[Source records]
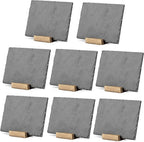 Ilyapa Mini Chalkboard Signs with Stand, 8 Pack - Rustic 5x6 Inch Small Slate Tabletop Chalk Boards with Wood Stands Set, Food Signs for Buffet Table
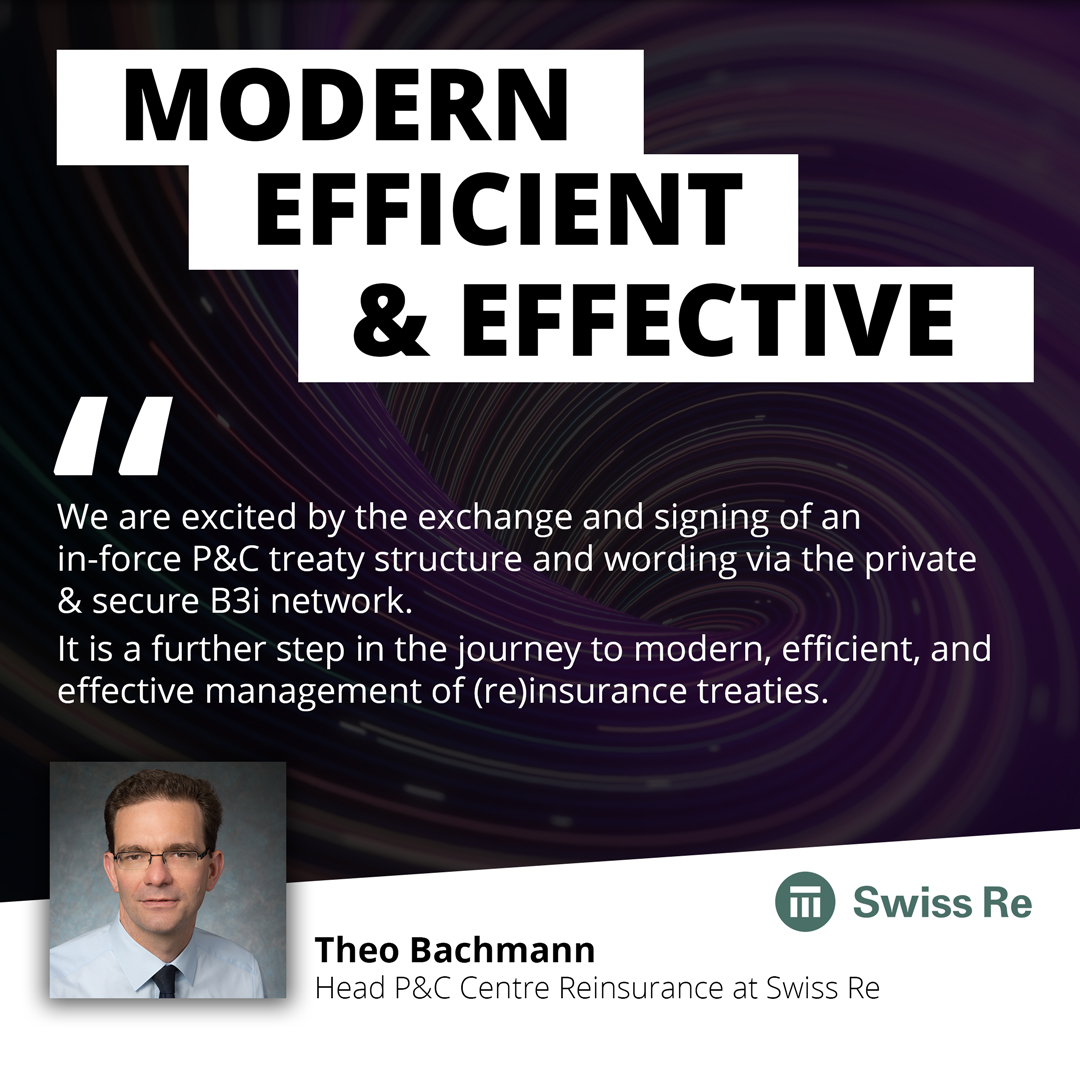 🎯 Modern
🎯 Efficient
🎯 and Effective

Making use of B3i's private and secure network, find out what Theo Bachmann, Head P&amp;C Centre Reinsurance at Swiss Re had to say about the latest news.

b3i.tech/2022/04/06/wor…

#reinsurance #innovation #blockchain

**Task goal**: Please copy the records above word for word, omitting every picture.

**Answer**:
 Ilyapa Mini Chalkboard Signs with Stand, 8 Pack - Rustic 5x6 Inch Small Slate Tabletop Chalk Boards with Wood Stands Set, Food Signs for Buffet Table
 🎯 Modern
🎯 Efficient
🎯 and Effective

Making use of B3i's private and secure network, find out what Theo Bachmann, Head P&amp;C Centre Reinsurance at Swiss Re had to say about the latest news.

b3i.tech/2022/04/06/wor…

#reinsurance #innovation #blockchain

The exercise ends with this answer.